Joseph Byrne, Senior Analyst at Linley Group (one of the leading research firms for semiconductors), has written an in-depth post ("Fruitless battle of proprietary home-networking tech nears end") on the current situation of the wired home networking industry and the potential of G.hn to solve the fragmentation problem:
There are two efforts abreast to change the situation. The most promising of the two is the G.hn spec being developed under the auspices of the ITU. The developers of this spec made two sage decisions.

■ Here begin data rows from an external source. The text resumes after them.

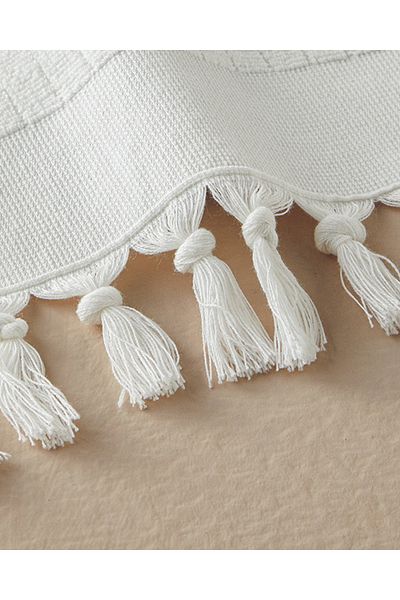 English Home Tuffy Stripe Cotton Fringed Face Towel Ecru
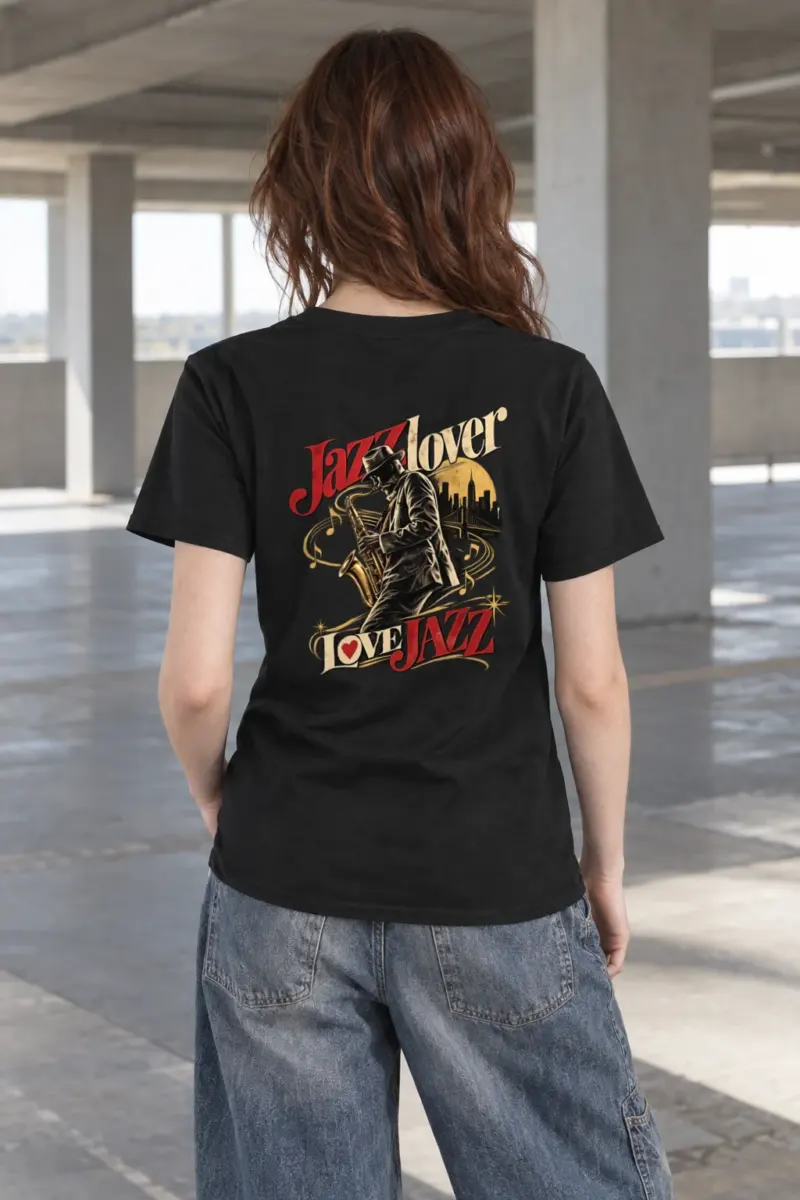 "Midnight Saxophone" Heavyweight Unisex Crewneck T-shirt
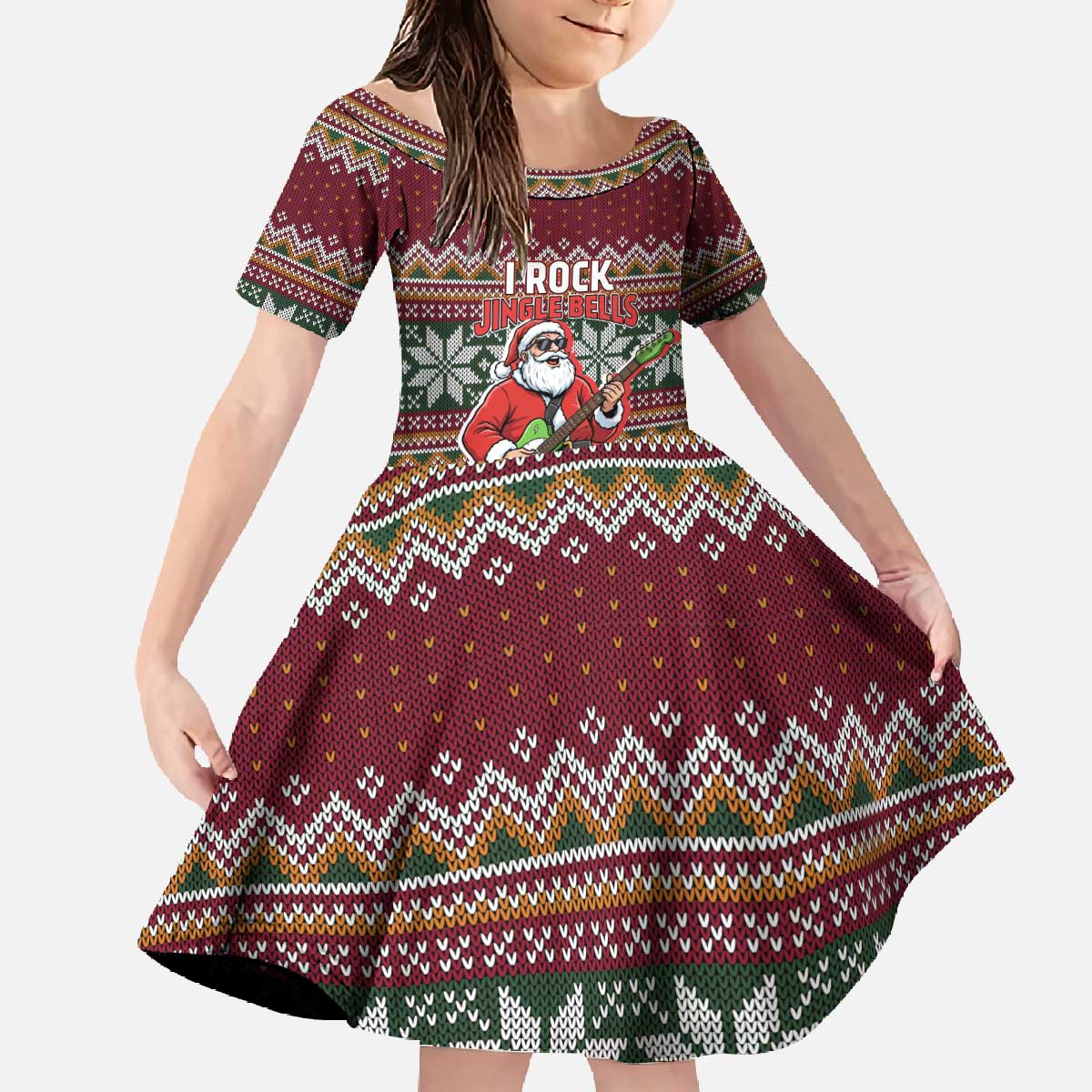 I Rock Jingle Bells Christmas Design Family Matching Off The Shoulder Long Sleeve Dress and Hawaiian Shirt Funny Xmas Holiday Patterns - Wonder Print Shop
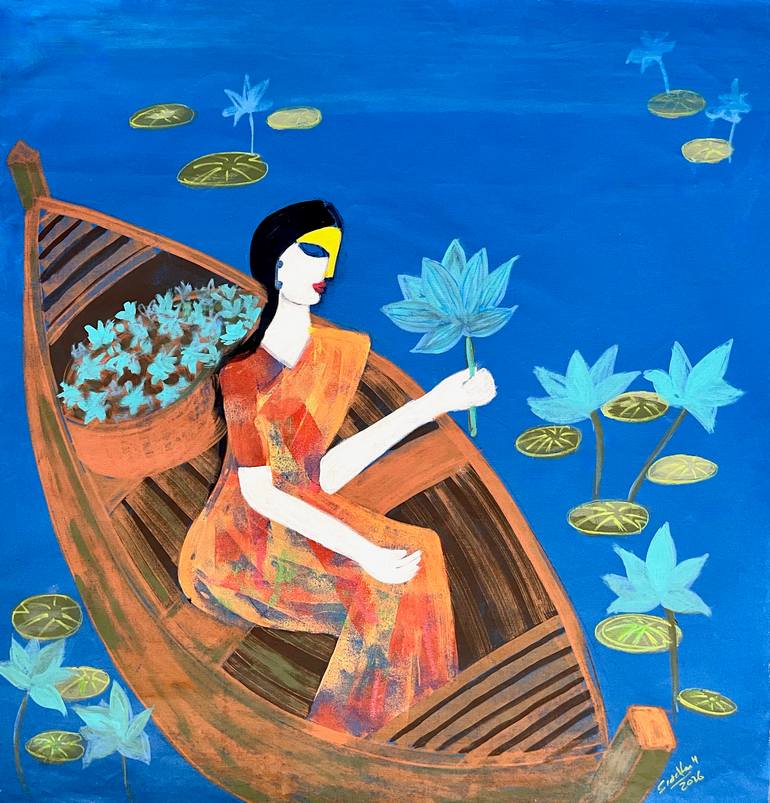 Original Other Painting by Siddharth Katragadda | Abstract Expressionism Art on Canvas | The Flower Pickers of Loktak Lake I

The first is to converge on a single interface-regime for all three media: coax, phoneline, and powerline. The goal is to separate the network from the media, eliminating Layer-Two bridges and simplifying vendors’ efforts to design chips for each media. The second is to jettison backward compatibility from the spec. Vendors are free to add backward compatibility, but it is not required. Because home-networking technologies have been poorly adopted (compared with Wi-Fi, for example), the installed base is relatively small. Vendors are likely to build in backward compatibility to provide existing customers, who are mainly carriers, with an upgrade path. The G.hn spec was completed in December 2008 and is likely to be ratified by this time next year.Joseph makes some predictions:
G.hn is likely to emerge the victor for powerline and phoneline networking. Telcos tend to favor ITU specs, and G.hn has the support of AT&T and BT, which is on the board of the group promoting G.hn, the Home Grid Forum. U.S. retailer Best Buy is on the board.